Whenever the word "South" turns up in a line below, that line should be copied.

Crawled caption data:
= = = =

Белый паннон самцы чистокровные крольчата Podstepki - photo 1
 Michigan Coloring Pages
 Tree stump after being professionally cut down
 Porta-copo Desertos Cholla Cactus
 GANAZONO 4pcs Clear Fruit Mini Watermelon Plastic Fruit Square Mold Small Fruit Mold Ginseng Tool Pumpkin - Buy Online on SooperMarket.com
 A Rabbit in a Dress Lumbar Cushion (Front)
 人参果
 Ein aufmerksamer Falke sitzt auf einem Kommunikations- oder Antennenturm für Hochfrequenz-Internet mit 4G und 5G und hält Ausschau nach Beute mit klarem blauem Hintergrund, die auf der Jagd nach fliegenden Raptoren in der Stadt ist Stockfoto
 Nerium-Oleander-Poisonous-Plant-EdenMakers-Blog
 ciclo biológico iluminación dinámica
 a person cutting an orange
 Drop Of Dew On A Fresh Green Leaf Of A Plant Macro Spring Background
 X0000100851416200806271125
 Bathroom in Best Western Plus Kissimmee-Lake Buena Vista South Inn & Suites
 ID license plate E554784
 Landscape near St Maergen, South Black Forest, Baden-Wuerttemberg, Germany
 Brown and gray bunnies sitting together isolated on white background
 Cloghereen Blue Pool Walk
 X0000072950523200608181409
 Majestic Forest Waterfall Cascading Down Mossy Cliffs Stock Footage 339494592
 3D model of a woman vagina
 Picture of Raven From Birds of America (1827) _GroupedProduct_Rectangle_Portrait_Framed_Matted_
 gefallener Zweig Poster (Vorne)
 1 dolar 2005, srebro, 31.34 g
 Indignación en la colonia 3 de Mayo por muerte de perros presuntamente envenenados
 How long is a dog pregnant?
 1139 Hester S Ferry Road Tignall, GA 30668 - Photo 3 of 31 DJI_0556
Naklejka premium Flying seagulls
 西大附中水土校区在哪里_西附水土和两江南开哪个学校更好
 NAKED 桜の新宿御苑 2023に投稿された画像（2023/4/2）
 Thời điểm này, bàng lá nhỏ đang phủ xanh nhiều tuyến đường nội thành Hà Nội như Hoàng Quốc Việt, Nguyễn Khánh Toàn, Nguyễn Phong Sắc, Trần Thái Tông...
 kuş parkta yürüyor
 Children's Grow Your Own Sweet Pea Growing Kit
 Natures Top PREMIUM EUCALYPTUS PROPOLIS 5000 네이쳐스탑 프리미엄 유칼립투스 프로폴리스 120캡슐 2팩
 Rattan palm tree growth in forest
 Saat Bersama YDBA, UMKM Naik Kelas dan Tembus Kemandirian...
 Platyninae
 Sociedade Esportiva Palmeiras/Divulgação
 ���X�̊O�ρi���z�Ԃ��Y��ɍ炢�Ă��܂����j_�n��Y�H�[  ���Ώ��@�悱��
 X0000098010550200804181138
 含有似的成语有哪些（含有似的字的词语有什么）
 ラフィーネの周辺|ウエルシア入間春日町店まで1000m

= = = =

> [Solution to this exercise]
 Bathroom in Best Western Plus Kissimmee-Lake Buena Vista South Inn & Suites
 Landscape near St Maergen, South Black Forest, Baden-Wuerttemberg, Germany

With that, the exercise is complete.